Learning to Choose noise = Control the driving style

Diffusion models are strong generative policies, but directly fine-tuning them is expensive and unstable. Instead of modifying diffusion weights, we take advantage of a key observation:

the latent noise space is much larger and more expressive than the action space.

Each noise sample w represents a different latent behavior mode—some leading to smoother, conservative trajectories, others producing sharper or more aggressive turns.

This means that choosing the noise is equivalent to choosing the driving style.

Our method learns a lightweight policy π_w that selects the noise before the diffusion model generates actions. By operating entirely in this latent-noise space:

No nested backprop through the diffusion process
No modification to the diffusion model weights
Stable and efficient RL training
Full control over driving behavior through noise selection

In other words, we reformulate reinforcement learning from action-space optimization to latent-noise steering. This allows us to adapt driving styles flexibly—conservative, neutral, or aggressive—while keeping the diffusion model completely frozen.

Diffusion Policy Finetuning via Latent Noise RL Steering

Our method builds on DiffusionDrive[4] and applies DSRL[1] that steers the latent noise instead of modifying the diffusion model itself. This design enables fine-grained control over driving behavior while keeping training stable, efficient, and entirely offline.

1. Observation Encoding

The system first extracts Bird’s-Eye-View (BEV) features from multi-camera images, along with 3 seconds of history information.

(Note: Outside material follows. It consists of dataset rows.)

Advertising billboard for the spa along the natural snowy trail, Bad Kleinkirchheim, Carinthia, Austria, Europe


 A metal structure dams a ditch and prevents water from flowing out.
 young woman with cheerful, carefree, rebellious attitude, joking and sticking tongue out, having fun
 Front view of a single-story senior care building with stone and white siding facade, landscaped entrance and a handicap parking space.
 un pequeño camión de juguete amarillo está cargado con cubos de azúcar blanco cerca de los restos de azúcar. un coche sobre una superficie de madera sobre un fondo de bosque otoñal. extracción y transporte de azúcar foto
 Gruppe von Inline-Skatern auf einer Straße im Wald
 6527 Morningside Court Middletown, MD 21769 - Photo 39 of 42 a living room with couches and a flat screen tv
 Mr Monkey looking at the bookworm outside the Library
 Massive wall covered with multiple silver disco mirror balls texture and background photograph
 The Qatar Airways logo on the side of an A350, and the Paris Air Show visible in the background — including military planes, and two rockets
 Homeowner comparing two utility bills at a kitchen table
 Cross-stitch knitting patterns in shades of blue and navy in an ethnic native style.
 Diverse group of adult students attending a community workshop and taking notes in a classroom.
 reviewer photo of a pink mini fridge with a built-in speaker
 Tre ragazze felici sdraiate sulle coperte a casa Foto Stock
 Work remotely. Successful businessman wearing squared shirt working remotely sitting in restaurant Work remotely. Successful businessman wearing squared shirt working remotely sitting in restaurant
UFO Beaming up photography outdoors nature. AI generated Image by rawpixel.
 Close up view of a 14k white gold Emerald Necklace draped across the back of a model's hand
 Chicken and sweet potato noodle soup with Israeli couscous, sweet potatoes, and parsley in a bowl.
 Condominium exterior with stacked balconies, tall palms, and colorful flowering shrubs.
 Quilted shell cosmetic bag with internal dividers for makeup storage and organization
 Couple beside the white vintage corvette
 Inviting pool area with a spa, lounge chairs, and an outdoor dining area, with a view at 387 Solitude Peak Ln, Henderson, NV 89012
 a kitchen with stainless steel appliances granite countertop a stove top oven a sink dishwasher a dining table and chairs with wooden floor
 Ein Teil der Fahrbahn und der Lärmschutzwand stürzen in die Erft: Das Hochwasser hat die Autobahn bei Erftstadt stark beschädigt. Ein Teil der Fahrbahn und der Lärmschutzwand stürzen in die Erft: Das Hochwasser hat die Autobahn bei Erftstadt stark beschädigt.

These features summarize the scene geometry, surrounding agents, and past motion, and are used as input to both the diffusion policy and the latent-noise actor.

2. Latent Noise Steering via DSRL

Instead of optimizing actions directly, we introduce a policy π_w that learns to select latent noise samples:

Each noise vector w corresponds to a different latent behavior mode (e.g., conservative, neutral, aggressive).
The diffusion model interprets this noise and generates an action trajectory accordingly.

During training:

The latent-noise actor maximizes the value of the selected noise:

\mathcal{L}{\pi^w} = \mathbb{E}{s\sim\mathcal{B}}\left[\alpha \log \pi^w(w|s) – Q^w(s,w)\right]

The action critic Q^A learns the value of diffusion-generated actions:

\mathcal{L}_{Q^A} = \frac{1}{2} \sum_{i=1}^{N_c} \mathbb{E}_{B} \left[ \left( Q^{A}_{\theta_i}(s,a) – y \right)^2 \right]

By performing RL in the noise space, we avoid backpropagating through the diffusion model and do not modify its weights.

3. Diffusion Policy Model

A frozen DiffusionDrive model receives:

Observation features
Latent noise selected by π_w

It then generates a full trajectory through its denoising process. Since the diffusion model remains unchanged, our method is:

Compatible with any pretrained diffusion policy
Efficient (no nested gradient computation)
Stable compared to action-space RL

4. Optional VLM Guidance

We are exploring integrating a Vision-Language Model (VLM) to provide high-level planning cues:

The VLM generates natural-language instructions (via chain-of-thought reasoning).
These instructions may guide the latent-noise policy toward human-preferred behaviors.

5. Improved Trajectory Quality

Because the noise space contains diverse behavioral modes, steering noise enables:

Smoother turns
Safer lane changes
More consistent trajectories
Better generalization under different driving styles and environments

Our experiments confirm that controlling noise leads to better driving trajectories without retraining or altering the diffusion model.